Josh and Stacey Noem have been married for almost 20 years and have three children in middle school and high school. They blog about parenting and their adventures as a family.

Marital Boundaries

In more than one of my classes this last week the question of boundaries and attraction has come up. It is true that whether a person is single, married, or celibate, we never stop experiencing attraction to other people. Attractions are completely natural and testament that as humans we are disposed toward being in relationship. What matters, though, is how we deal with those feelings of attraction.

Joshua and I have talked about this a good deal. In our 15 years of married life we have both been attracted to other people more than once. Sometimes it is a passing, in-the-moment attraction – like acknowledging that certain athletes are just plain beautiful people in the prime of their physical lives.

Other times we become aware of attraction that one of us is experiencing toward someone we work with or come into contact with in an ongoing way. These are, of course, attractions that require more careful attention.

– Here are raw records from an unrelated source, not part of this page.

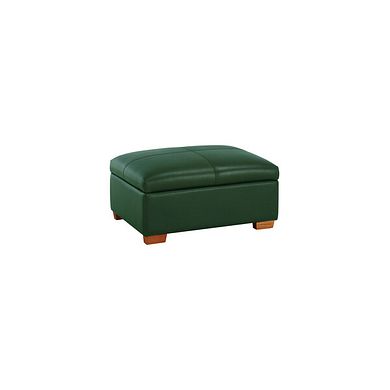Hastings Storage Footstool in Green Leather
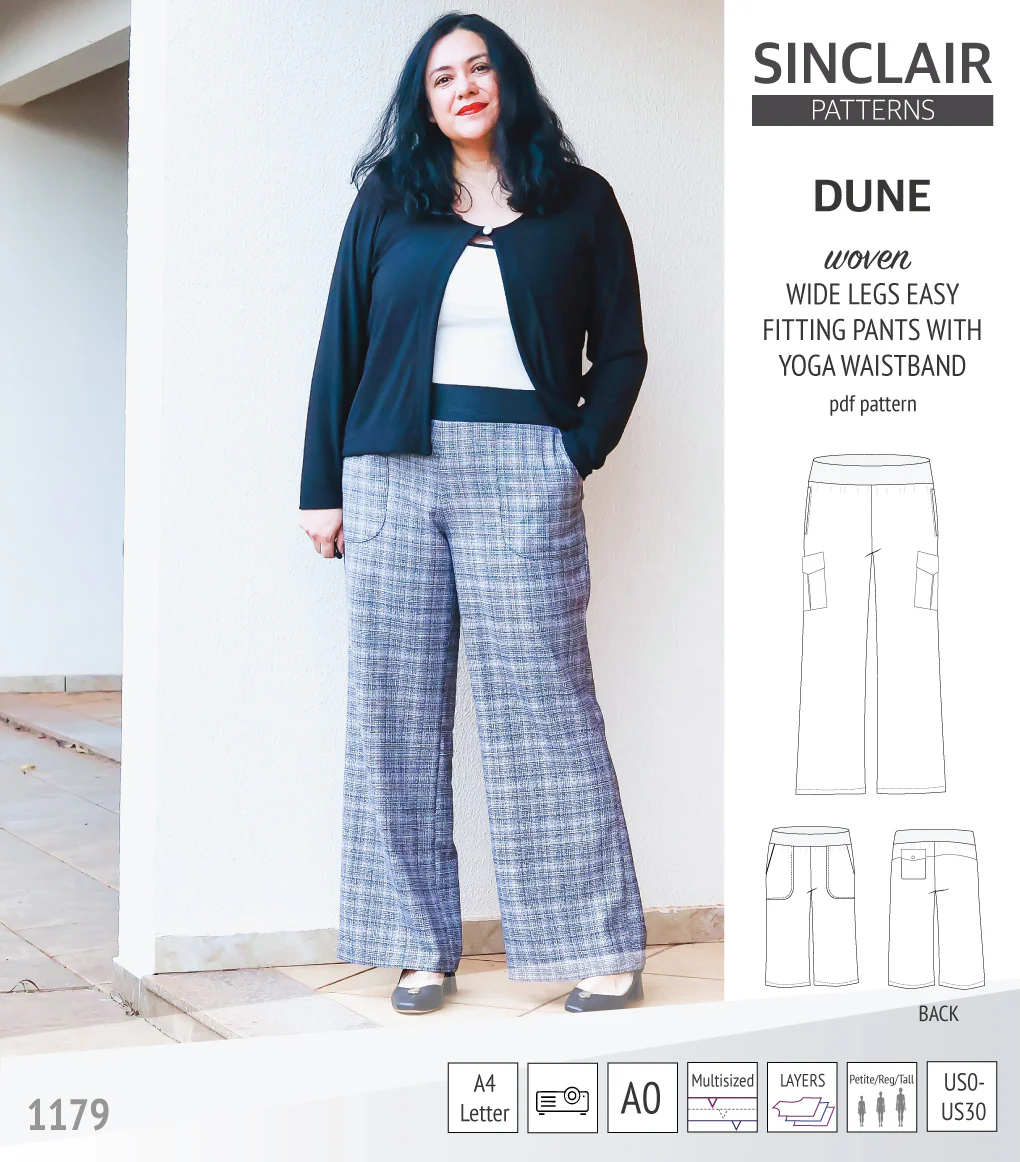 Dune wide leg woven pants with yoga waistband (PDF) - Image 8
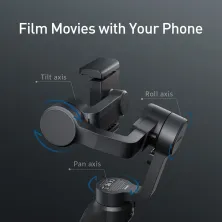 Стедікам Baseus Handheld Gimbal Stabilizer триосьовий стабілізатор для телефону та екшн-камери Чорний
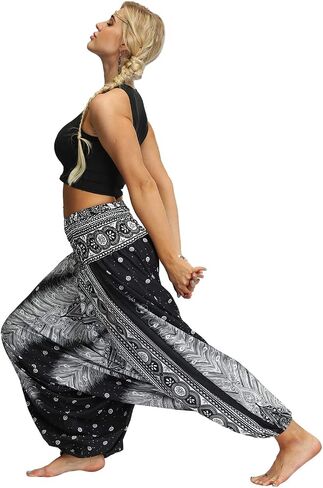 PNKJ Yoga Harem Pants Women's Drop Bottom Elastic High Waist Baggy Hippie Boho Aladdin Pants in Saudi Arabia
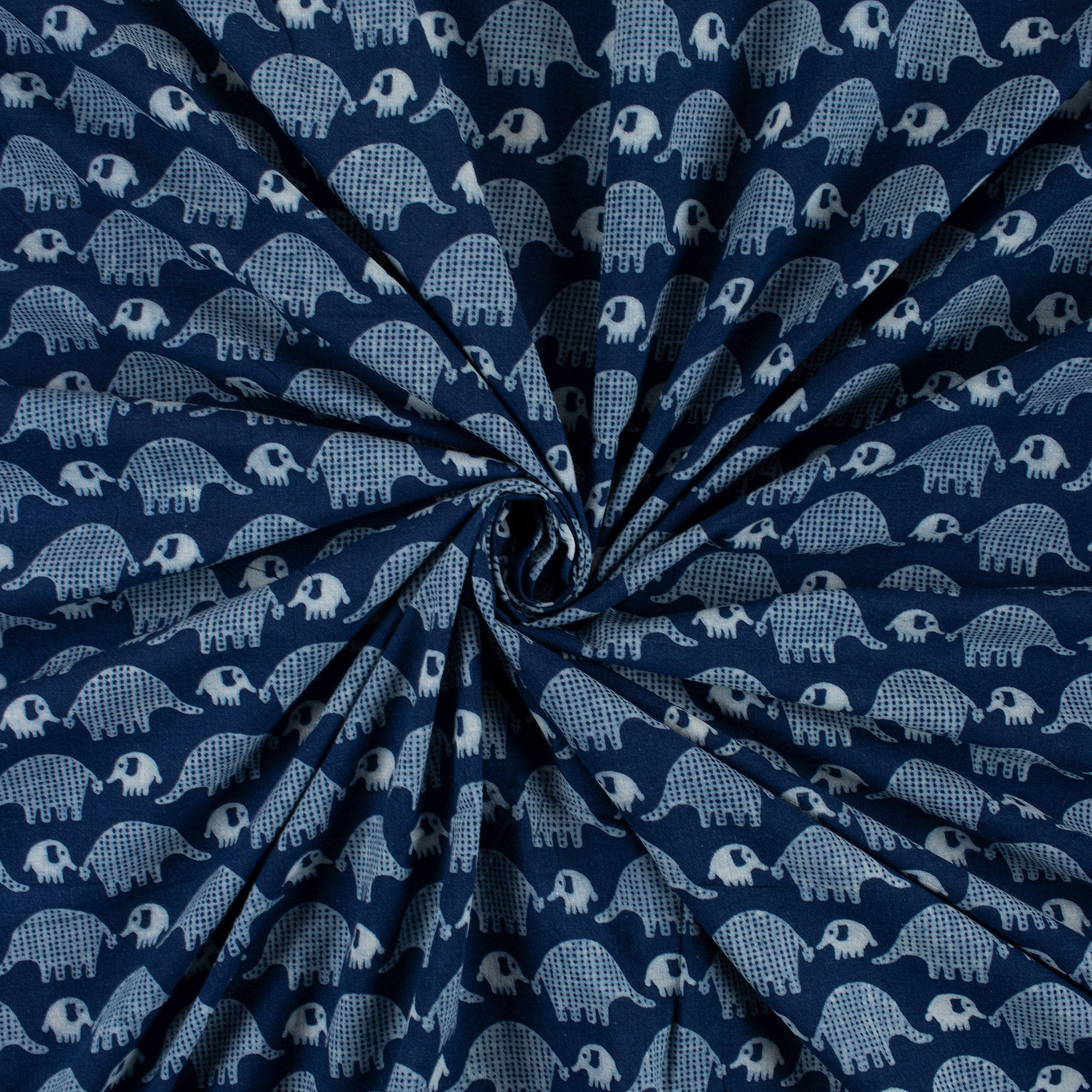 Indigo Blue Indian Hand Blocked Animal Print Cotton Dabu Fabric - Image 4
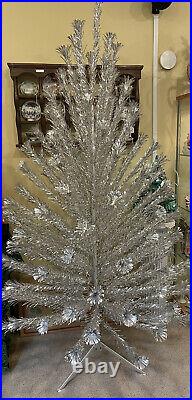 RARE 7 Ft. SPARKLER POM-POM SILVER ALUMINUM CHRISTMAS TREE EXCELLENT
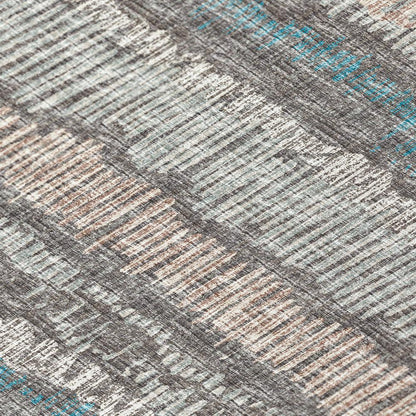 Rylee Gray Transitional Striped 1'8" x 2'6" Accent Rug Gray ARY34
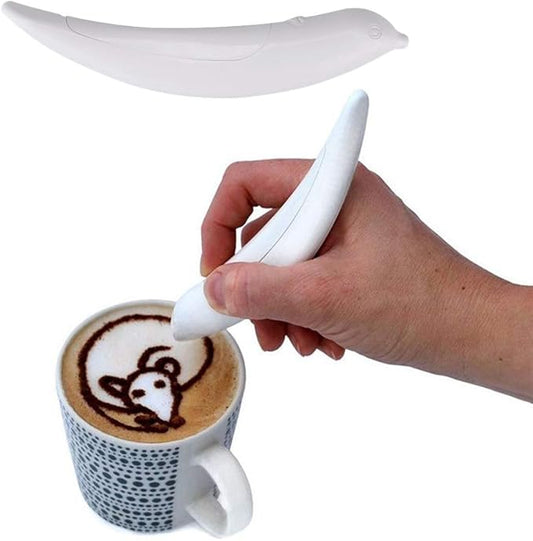 TuTuYa Latte Art Pen, White Spice Pen Electric Coffee Pen for Latte & Food DIY, Works with Cinnamon, Salt, White sugar, Fine Coffee Grinds, Powered by Battery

In either case, our approach to navigating attraction is more or less the same. There are elements to navigating it between us and navigating with others.

Between us, the first and most essential step is always acknowledging outside attractions to one another. From our point of view, any attraction to another person that either of us is experiencing needs to be brought up and on the table between us. We cannot allow anything to remain hidden in this regard.

The few times this has come up for us, one of us usually mentions that we have a certain attraction. The other might ask a couple of clarifying questions and we might have some brief conversation about it. This usually finishes up with the other one of us expressing gratitude for bringing it up, asking if there is anything we can do to make navigating the situation easier, and possibly ending in some good-natured joking about it. In subsequent weeks or months, one of us might bring it up again just to check in about how it is going. But the key is that the topic is always fair game and on the table for discussion.

To others we do not acknowledge the attraction. This is the stuff of our inner-most circle of intimacy and belongs squarely between us and no one else.

Additionally we do not allow feelings of attraction to inform the way we behave in any way other than to be cautious. We pay close attention to our interactions and motivations: how much time we spend with the person? How much interaction is in a group setting or isolated? How do we use eye contact, physical contact, and humor?

I once heard an evangelical pastor speak about how his relationship with his wife informs how he behaves personally and professionally. Their marriage is inextricably part of his identity at all times. So even when he is on the other side of the country on a speaking engagement, he is still mindful of comporting himself in a way that embodies that fact.

I think the same holds true for navigating attractions as a married person. Always and everywhere, I am Joshua’s wife. Attraction is natural and usually unexpected. There is nothing right or wrong with feelings of attraction, just what we choose to do with them.